ABOUT THIS TASK:
Each line from the one holding "Beckham Hotel Collection" to the last line of the listing must be set down exactly. No pictures are to be included.

PROVIDED MATERIAL:
.....

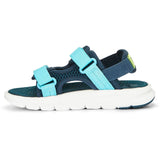 Puma Jnr Boys Evolve Sandal  Navy/Nlue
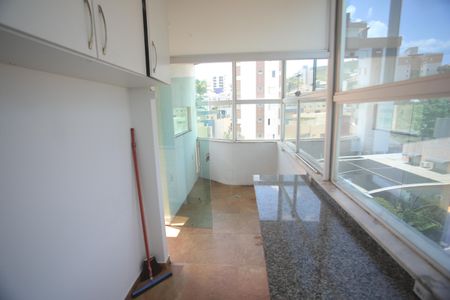 Apartamento para alugar com 220m², 3 quartos e 2 vagasArea gourmet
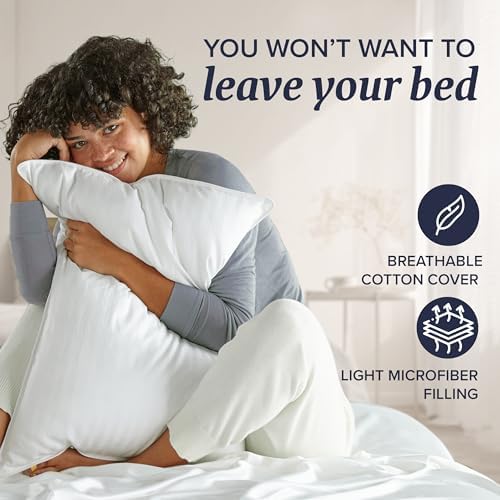 Beckham Hotel Collection Gel Cooling Pillow Set of 2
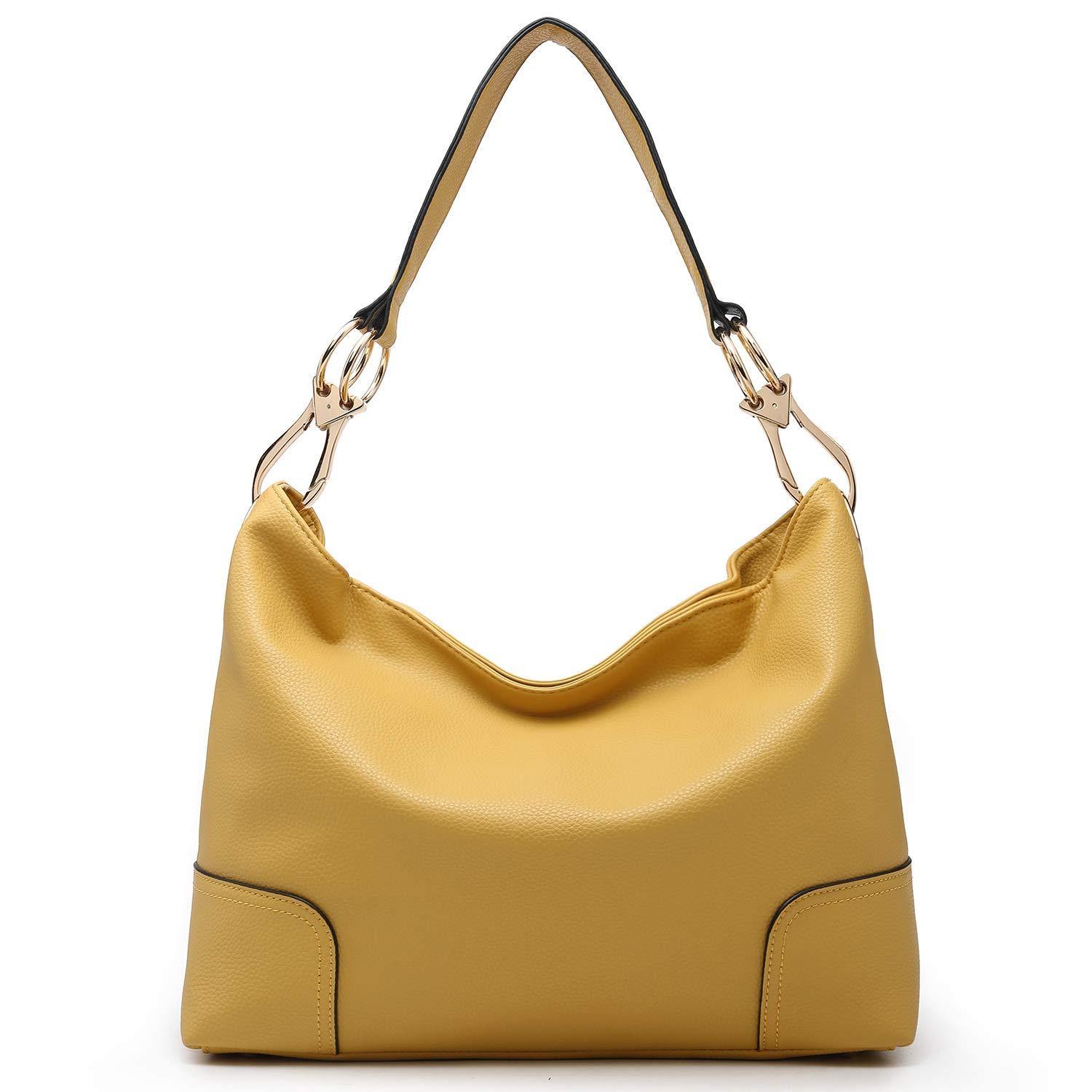 Yvette - Soft leather hobo bag | TL140900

.....

ANSWER SECTION:
 Beckham Hotel Collection Gel Cooling Pillow Set of 2
 Yvette - Soft leather hobo bag | TL140900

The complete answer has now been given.